Here, I must digress for a second time. Heather and I have been researching extensively food, nutrition, and healthy eating and living for a few months now, and as a result we have become pretty much vegetarian, but not quite vegan. I'll still have some cheese or an egg here or there, but not too often. In addition to that, we are juicing fruits and veggies daily and eating a large portion of our diet as whole-raw foods. I have a whole blog post planned for that topic so I'll stop there for now and get back to the first digression from my original digression...dinner. (confused yet?

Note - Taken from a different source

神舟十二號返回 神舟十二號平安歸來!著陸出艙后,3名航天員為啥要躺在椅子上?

I almost am!)
So where can a vegetarian go get something yummy to eat while still giving his non-vegetarian friends a tasty option? We decided on Mongolian barbeque. Which is how we found ourselves discussing cafeteria food at schools in Texas less than two feet from the table beside us. As we are ranting about how ridiculous the food choices are and how wasteful the school policies are, one of the ladies at the next table over interjects her two cents into the discussion.

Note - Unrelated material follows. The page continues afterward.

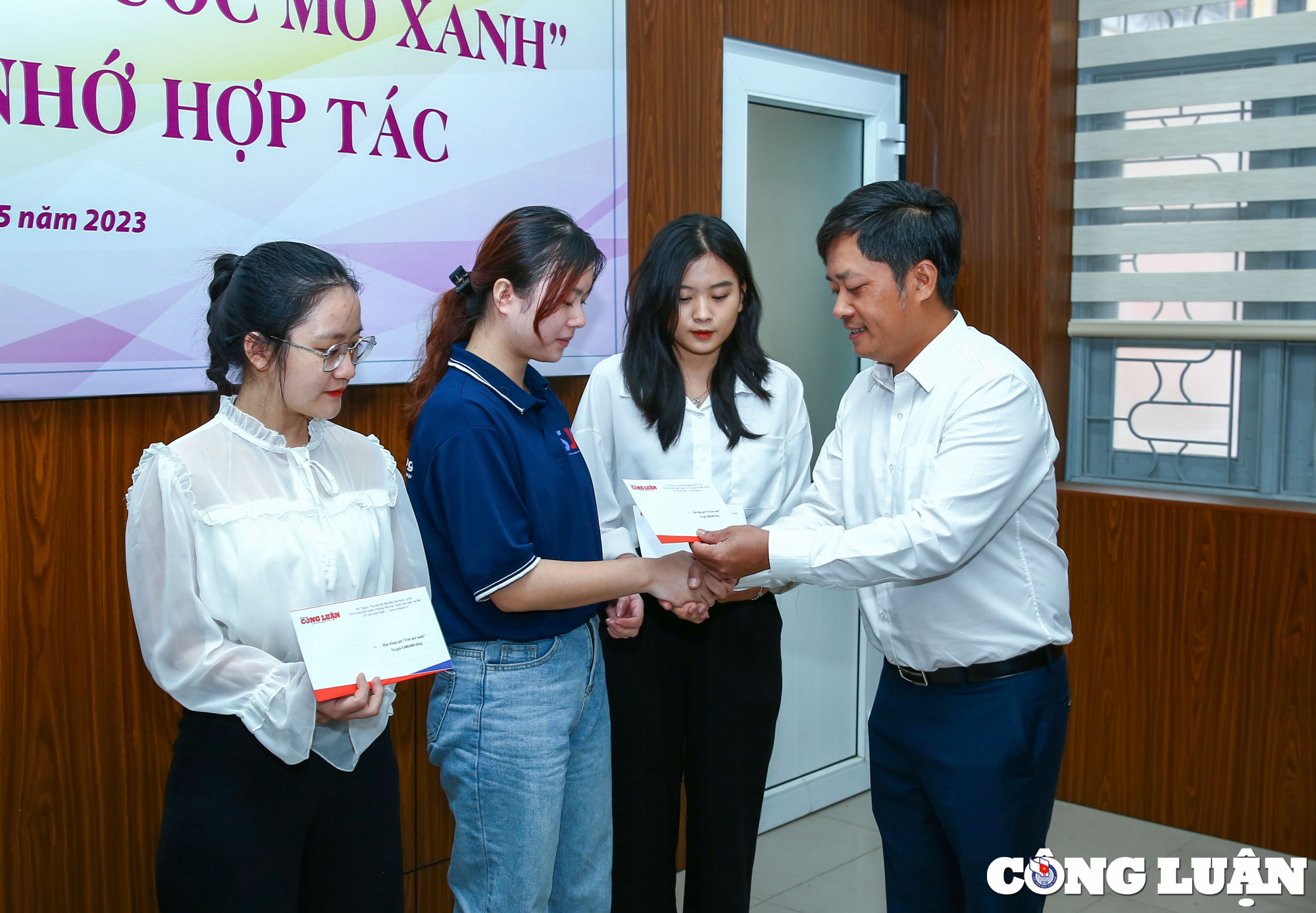바오 나 바오 콩 루안은 사회 과학 및 인문 대학 학생들에게 장학금을 수여했습니다. 사진 3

After a few minutes of discussion, she tells us that she works at a local elementary school. We connect based on the fact that I'm a teacher without a job, looking for substitute work. The conversation continues, she texts some people from my last school about me, and they of course tell her how awesome I am :) She eventually reveals that she just doesn't work at a local elementary, she's actually the Assistant Principal. She tells me about an upcoming long term sub job that I might be able to do. We part ways for the rest of the meal, and I don't really think too much of the whole encounter.
One week later exactly I get a call from the principal at her school. They have an opening for a teaching position and she wants to know if I'm interested in interviewing for the it. I told her I was, suppressing my exuberance long enough to hang up the phone, before I lost it in excitement. I interviewed for the job and got it.

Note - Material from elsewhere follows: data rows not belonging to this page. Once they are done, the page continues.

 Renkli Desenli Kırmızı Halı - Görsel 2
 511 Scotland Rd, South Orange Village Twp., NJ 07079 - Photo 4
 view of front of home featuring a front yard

I had two days to help move a teacher out of my classroom and set it up for my kiddos...not nearly enough time! So...I'm now teaching 21 first graders at Douglas Elementary here in Tyler Texas!!! As I type this I can barely talk, my voice a casualty of my first two weeks of my new career. I don't think I could have gotten luckier in the whole deal and I don't just have any job...I've got a great class of kids, a very supportive administration and some pretty awesome coworkers!
All of that to say that life has been a whirlwind the past few weeks and that's why it's taken me a few days to write this important blog. On to the original topic...Death Race 2012.
What is the Death Race? It's a 48 hour grueling test of not only your physical endurance, but also and probably more so, your mental strength. Here's a quick montage from this year's race if you haven't heard of it before.
If you've read any of my previous blogs you know I started this blogging endeavor after reading THIS BLOG written by Johnny Waite. It's an account of his training sessions, preparing for the Death Race. I was hooked. I kept up with his training and his trip to the event. He was one of only 35 finishers out of 235 entrants...80 didnt even show up and 120 quit during the race.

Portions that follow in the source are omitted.